I wondered about a horseracing theme, too. So much so that I spent too long trying to make GIMME work for GONER. There’s a GeeGee in EGGNOG of course. [They were going to put Pike in the dictionary but Captain Mainwaring told them not to]
I thought Scafell PIKE when I solved SPIKE, my LOI. I also know ETRIER; it’s part of the more serious/obsessed geocacher’s kit. Higher terrain caches require equipment – boats or climbing kit, which is where etriers come in, usually for climbing trees, but torches and underground kit can also be needed
Slight wonder if there’d be a theme based around James CRACKNELl early on, but disabused as nothing else linked appeared.
Thank you to PeterO and Brummie.
Petert @32 “[They were going to put Pike in the dictionary but Captain Mainwaring told them not to]” LOL
Petert @32: 👏🏻
Tim C@25 PIKE is in my rather old (1990 ed.) copy of Chambers, with one definition as ‘a sharp-pointed hill or summit’.
Hmmm. Is there some kind of drugs theme? CRACK, GRASS, HORSE, APPARATUS?
[I think the best “round” in the Lakes is Newlands from Braithwaite. Start over Causey Pike to get the road walking in first. Grisedale PIKE is included! Hopegill Head is one of the “pointiest” peaks in the district.]
Andy @36, yes I see it now.
GODFATHER also has an unforgettable horse connection!
Too hard for me, but I had a go. It was fun for the half that I did manage. Thanks Peter and Brummie
Yes, one of us was wondering about a horse theme!
Ha – yes! Judge @40
One of us found it hard (but wondered about a horse theme), one of us found it easy
This was fun. I finished before I got up (a few hours ago). I talked myself out of cracknel, peek and spike for a while, which slowed things down. It also took a while to pull up the rope ladder (“rope” and “ladder” are also slang drug terms @37 Hornbeam).
Very nice. Not too tricky, I really enjoy Brummie’s puzzles.
Got done by APPARATUS, convinced it was an anagram of SPARTA and ONE.
I knew 8a, but not 10a, but the wordplay was clear followed by a trip to the dictionary.
Thanks both.
PS being a Londoner, a DRAUGHT was always a “George Raft”, good bit of slang, that.

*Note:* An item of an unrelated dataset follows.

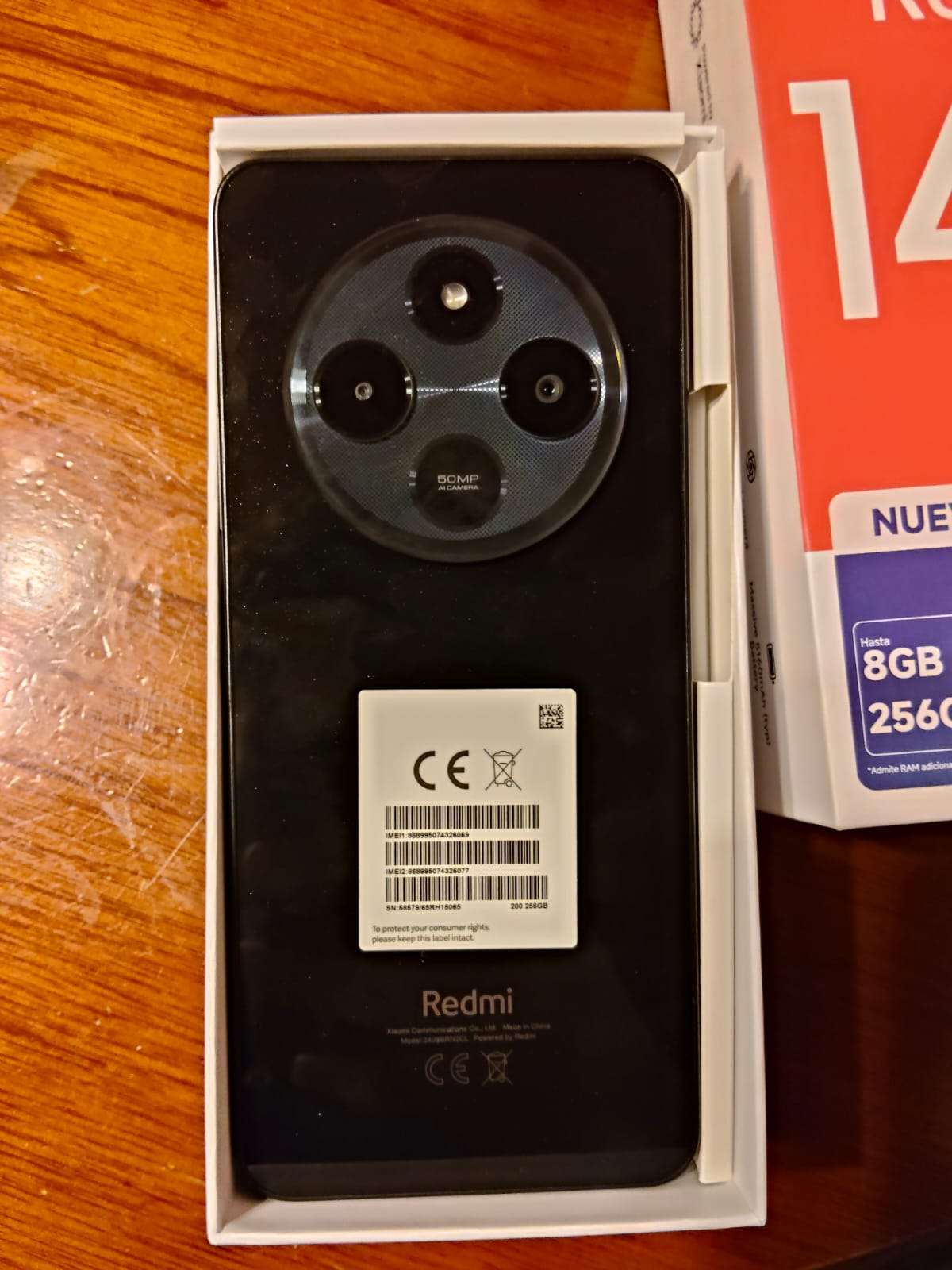 Smartphone Redmi 14C - miniatura 3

Muddled my way through most of this then revealed the last few. I much preferred yesterday’s – only one CD and no DDs today! I have great difficulty with clues such as 8a which is not only a charade but includes an envelope. I got the answer from crossers and definition; I would never have seen the parsing.
In the seventies there was a chocolate-covered bar called Mint Cracknel, advertised by Noel Edmonds iirc. Nowadays the word brings St. Etienne to mind. (The band, not le club de football.)
Postmark@17: 23D defeated me, but now that you list a few, it’s painfully obvious. Several decades since I last set foot on one.
CRACKNEL and ETRIER were NHO, but a brief google confirmed the existence of the latter.
ETRIER was also a jorum for me. I liked the surfaces for PLAY ROUGH and DROOPY, and the wordplays of GROTESQUE and BOLSTER (not a small pillow). As AID @36 pointed out, PIKE is in Chambers without a Northern England qualification. I also now like GODFATHER, once the parsing was pointed out.
Thanks Brummie and PeterO.
Good puzzle. I too had “unfamiliar” beside a few. Loved 1a BLUEGRASS and 14d GODFATHER. Many thanks to Brummie and PeterO.
Robi @50 – I could be wrong, but the definition is just PILLOW, the SMALL (S), goes in BOLTER
I thought one-pound notes were “oncers.”
What is cracknel? Apparently everybody knows but me. Wiki gives “a dry hard savoury bread,” while the puzzle gives “a nutty filling.”
My brother had heard about fell runs and managed to do one on a work visit to the UK. He enjoyed the community aspect of it, with the kids and all.
The Joss Naylor link mentions St. Bees, which I hadn’t realized is a real place. I know it from a limerick:
There was an old man of St. Bees
Who was stung in the arm by a wasp.
When they asked “Does it hurt?”
He replied, “No, it doesn’t.
I’m so glad it wasn’t a hornet!”
Thanks Brummie and PeterO.
Surely there’s a racehorse theme? BLUEGRASS, CRACKNEL(L), EGGNOG, DROOPY, KIBOSH, RELISH all come up as racehorses… Or am I falling for Roz’s ‘font illusion’, there are so many racehorse names out there (including Hadrian…) that any puzzle is a racehorse puzzle? But GODFATHER, I mean surely?… Thanks Brummie and PeterO
HYD @52; I probably didn’t phrase that well. The definition is just pillow; I meant that the ‘small pillow’ was nicely misleading. 🙂
[Valentine @53
Wainwright’s Coast to Coast – a popular long-distance walking route – starts at St. Bees Head. (It ends at Robin Hood’s Bay in Yorkshire.)]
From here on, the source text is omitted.